* _PROBLEM REQUIREMENTS_: Below are some entries. Transcribe the lines from the one holding "Priekinis Spaudinys - Ramen Anatomija Hoodie" to the one holding "Winter Thick Warm", inclusive, but not the pictures among them.

─── SUPPLIED DATA

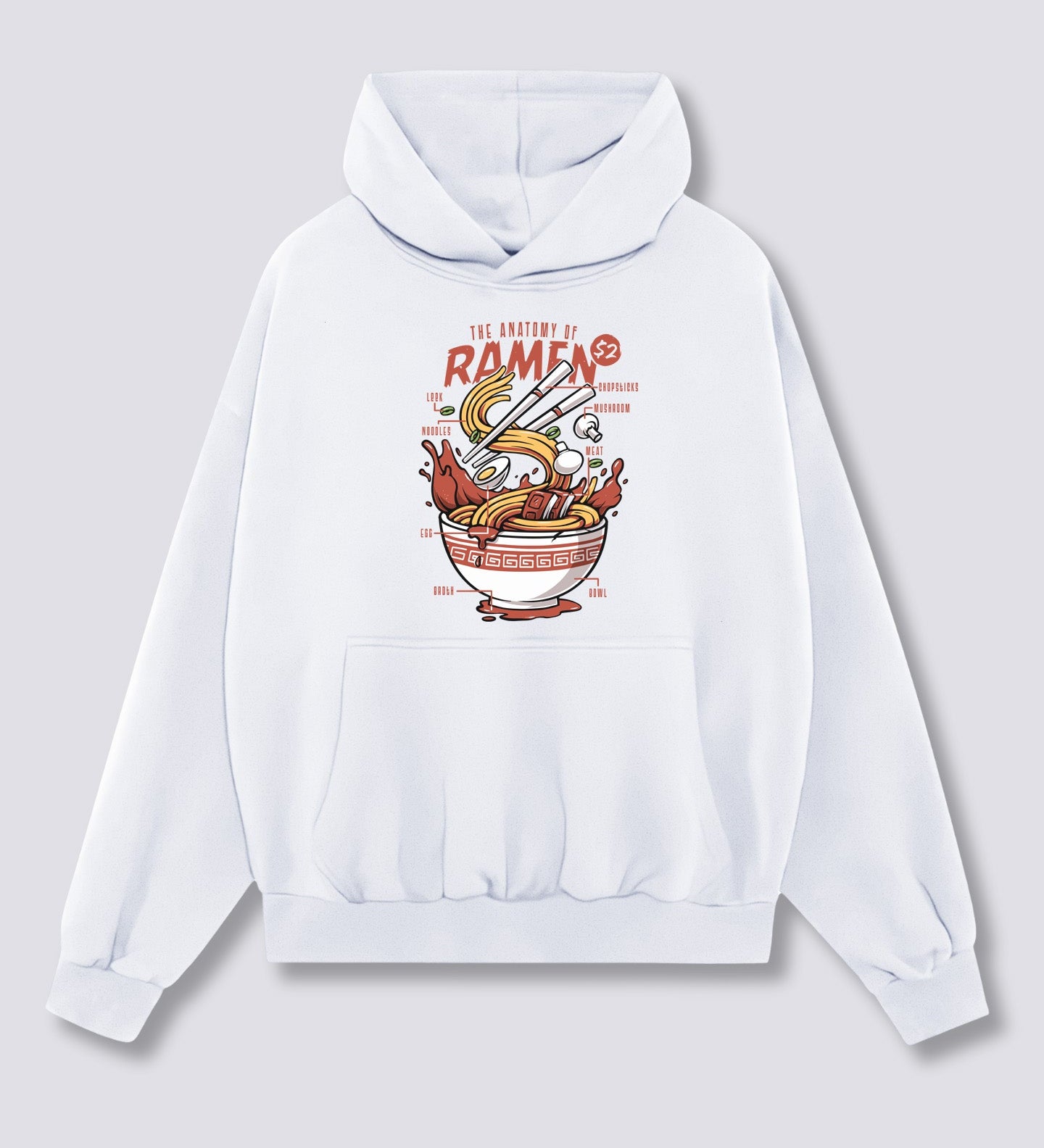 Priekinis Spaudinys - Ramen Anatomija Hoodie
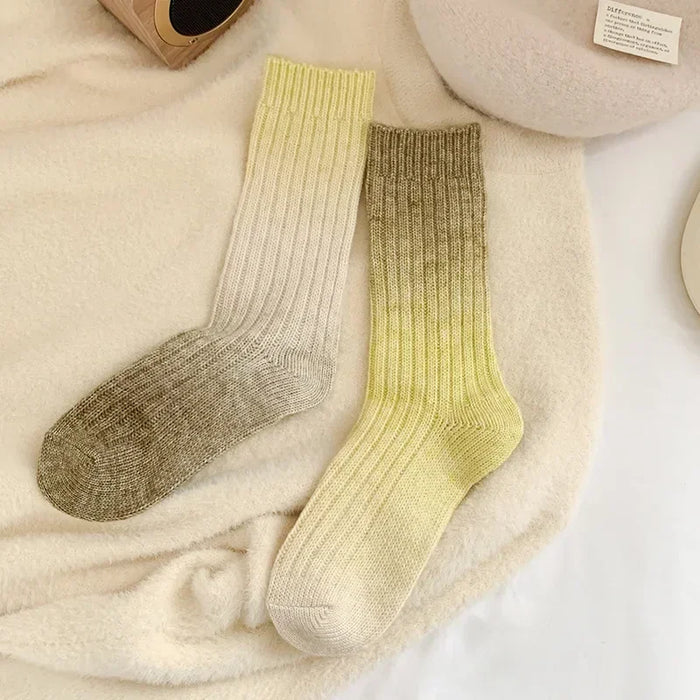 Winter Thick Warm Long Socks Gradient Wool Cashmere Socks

──────
─── SUPPLIED DATA

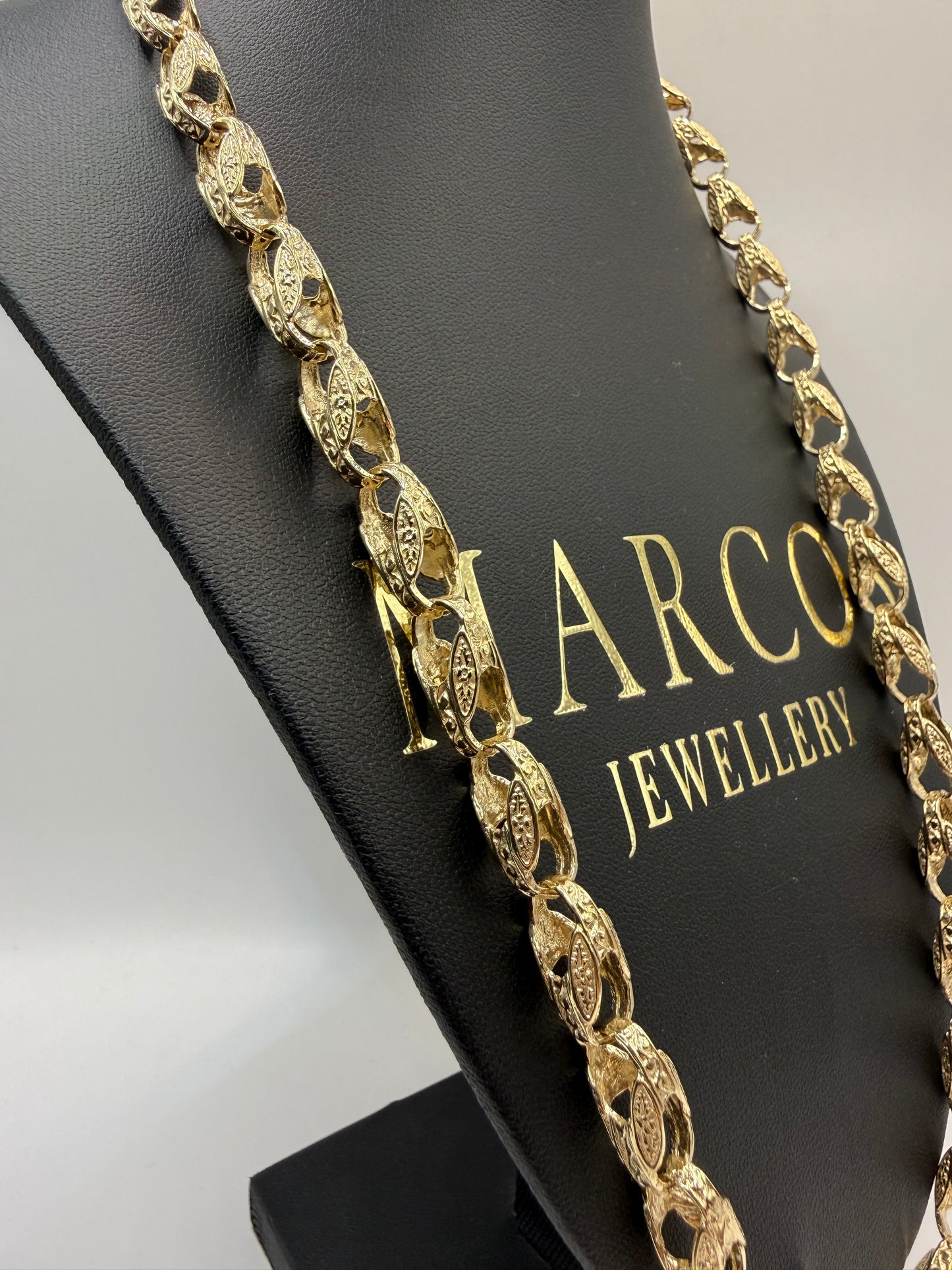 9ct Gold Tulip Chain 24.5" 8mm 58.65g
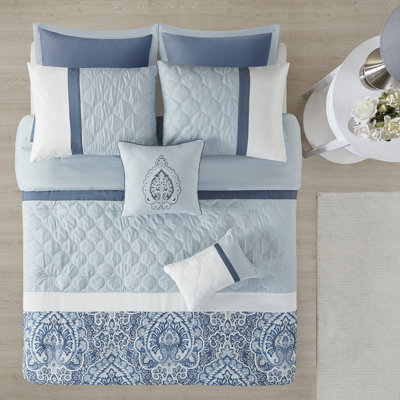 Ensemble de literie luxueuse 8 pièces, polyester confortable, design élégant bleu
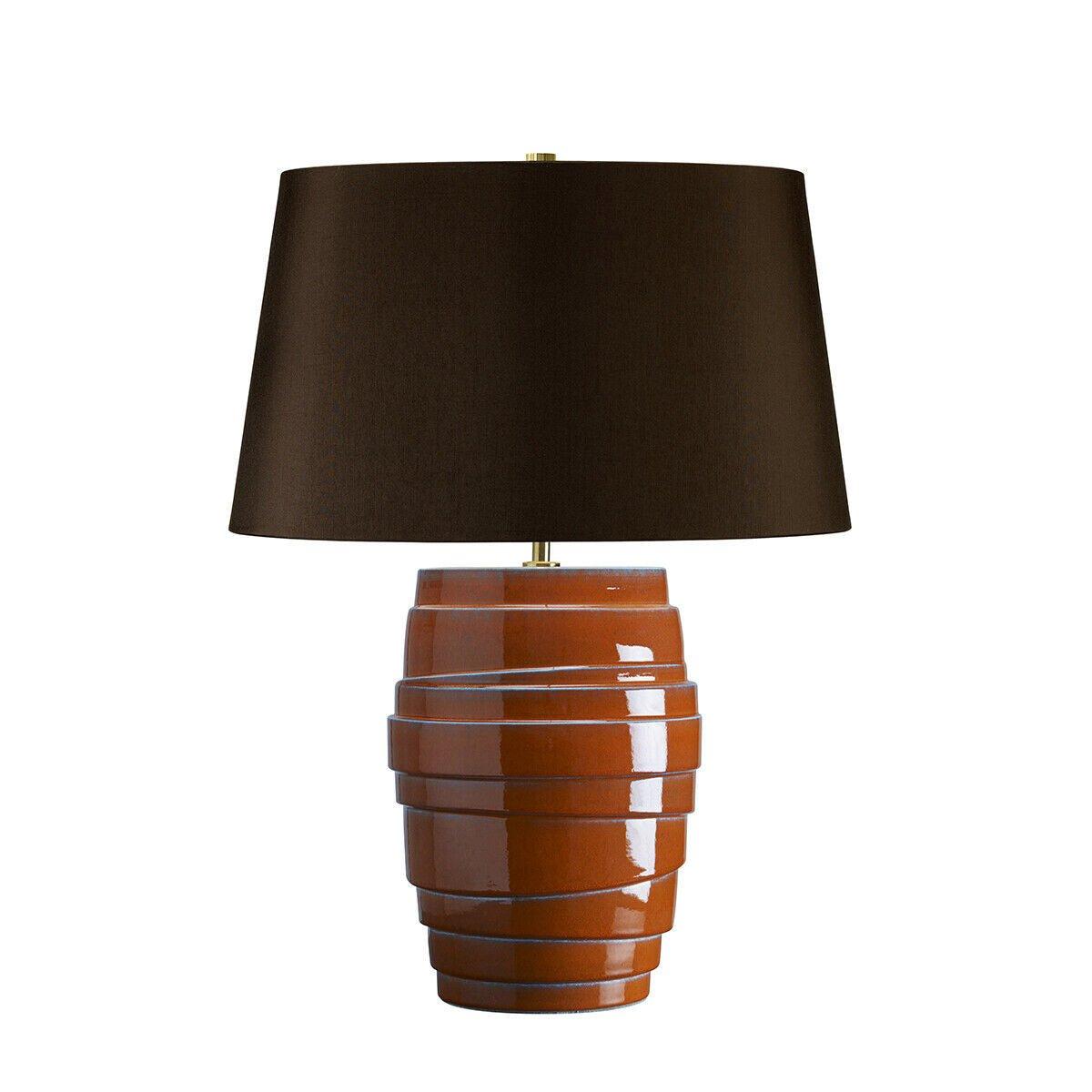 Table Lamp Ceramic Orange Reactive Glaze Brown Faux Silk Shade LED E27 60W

──────

* _WRITTEN ANSWER_:
 Priekinis Spaudinys - Ramen Anatomija Hoodie
 Winter Thick Warm Long Socks Gradient Wool Cashmere Socks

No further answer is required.